In the race toward the final finish line, many another animal of the American West is providing the coyote with severe competition—propaganda to the contrary. The black bear, which ranges in similar habitat and has similar carnivorous eating habits, almost certainly will die out before the coyote. Charles Orlosky, who worked as a Government trapper in western Colorado, says, "I learned quick that any bear that sets foot on sheep range is a dead bear. Maybe one out of every 25 bears will kill a lamb. Most bears will eat on a dead carcass, but there's damned few of them that will actually kill sheep." Orlosky remembers a case in the San Juan Mountains where a trapper caught 16 or 17 bears and still hadn't caught the sheep killer.
The fox, another animal with eating habits similar to the coyote's, is also disappearing fast in large sections of the country. "They're smart," says Paul Gilbert, an area supervisor for Colorado's Department of Game, Fish and Parks, "but smartness isn't enough anymore. I've seen foxes and coyotes that'll move onto a ridge with a 1080 bait and won't be able to get off because of the deep snow around them. As long as they can, they'll circle away from that bait, but sooner or later starvation drives 'em to it. Animals like that don't have a chance against things like coyote getters and 1080." Even people from the Wildlife Services admit the danger to foxes. "Because the habits of the coyote and the red fox are similar," a bulletin says, "there is no practicable method of controlling coyotes in the midst of foxes on the high mountain sheep ranges in the summer or winter without killing some of these smaller canines." So the smaller canines are killed.
"The kit fox is almost gone in Wyoming," says Game Warden Darwin Creek, "and the 1080 that's killed him off has also killed off the black-footed ferret. Only two or three black-footed ferrets and kit foxes have been seen in the last 10 years by all the wardens and all the biologists and all the wildlife people in the state." According to Creek, the situation is almost the same with other Wyoming furbearers. "Pine marten used to be thick till they started putting this poison out," the warden says. "Now there's practically none left."
The populations of carrion-eating animals—and carrion-eating birds like eagles and hawks and vultures—are all trending downward, partly because of 1080 stations and partly because of the drop baits of tallow-covered strychnine. And if a species is included on the poison Establishment's "most wanted" list, the fact that the animal eschews carrion or tallow is no protection. The hunters and their modern gadgetry will prevail. In the last few years there has been a sharp decline in the numbers of bobcats, despite the fact that Lynx rufus is like trout or bass—he wants to catch his food on the hoof and seldom will touch anything that he has not killed himself. To destroy this "predator" that annually does no more damage to livestock than domestic dogs, Government trappers revert to the art that once was their pride: steel trapping.
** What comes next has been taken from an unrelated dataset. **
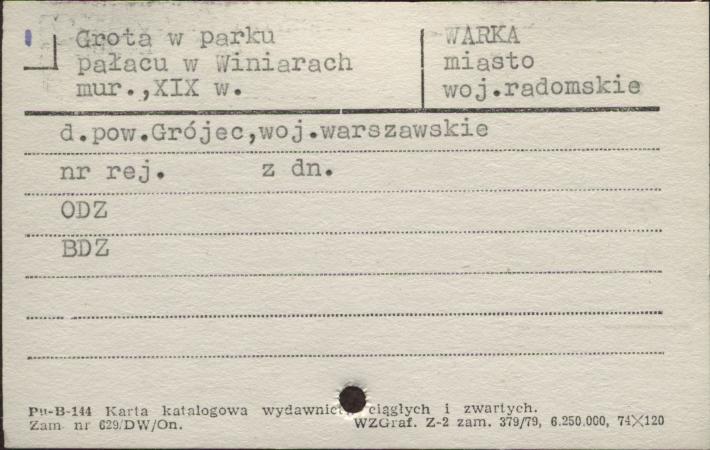 grota w parku w pałacu w Winiarach, skan 1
It is not difficult to trap bobcats; they are creatures of habit, remaining in the same areas and usually working a single hunting runway over and over. Until recently, when the supply of bobcats began to diminish, Government trappers caught them in droves. Why? A primary reason is that the Fish and Wildlife Service is in several businesses simultaneously, and one of them is the sale of pelts. The bobcat's fur is valuable; hence the concentration on trapping them and the long hours spent in Wildlife Services seminars studying the proper preparation of bobcat skins for market. In Colorado, Government trappers took thousands of bobcats in the years before 1965, but even though the price of bobcat fur continued rising, the kill began to drop, and today the animal is becoming rare.
The question is not when it will be discovered that these populations of native American species are diminishing. Some of the downtrends were known decades ago, and more are being noted each year. Most Westerners are aware that there are fewer and fewer animals, and still they watch inertly, like mice before cobras. Influenced by the soothing pronouncements of the poisoning Establishment, they accept the propaganda that endangered species are not truly endangered, and that coyotes, lions and bears, with their big teeth and sharp claws, can hold their own forever against men. The illogic is basic. Predators are not fighting against men but against technology.
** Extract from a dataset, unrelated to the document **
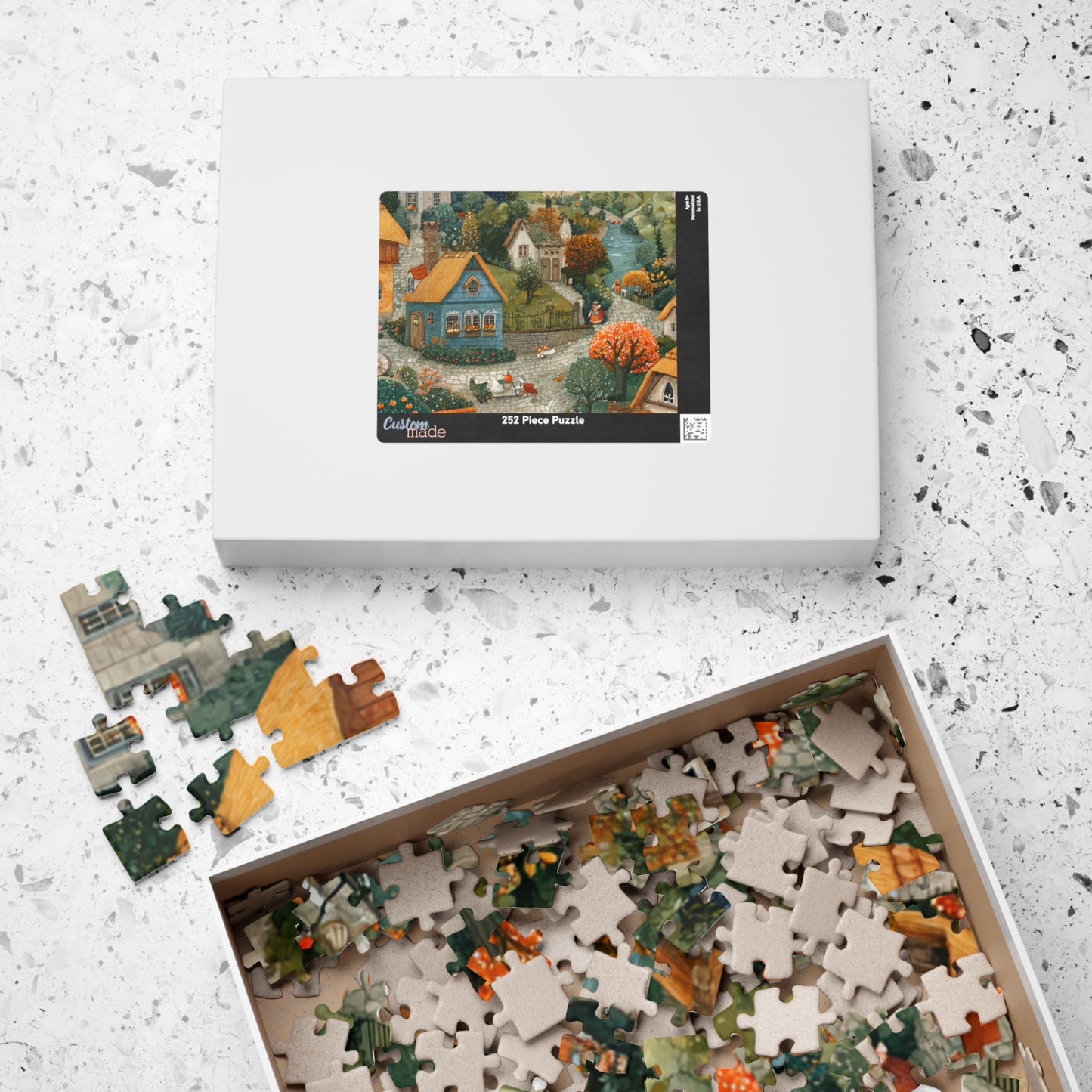 Cozy Village Countryside Jigsaw Puzzle — Autumn Scenic 110/252/520/1014 pc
Some of the scientists who are opposed to the toxification of the West go so far as to claim that the broadside attacks on wild animals have served only to magnify the problem of predator loss. Not surprisingly, Alfred Etter is an outspoken advocate of the theory that there would be far less destructive predation if wildlife were left to nature's own systems of checks and balances. His reasoning runs exactly opposite to that of the poisoners, who view the matter in simple arithmetical terms. Says an official of the U.S. Fish and Wildlife Service: "Look, we know what the stock loss was before we began poisoning. If we eliminated poisons like 1080, the loss would be more than 20% of the herd, maybe 35% or 50%. It would put sheepmen out of business. The coyotes would simply take over."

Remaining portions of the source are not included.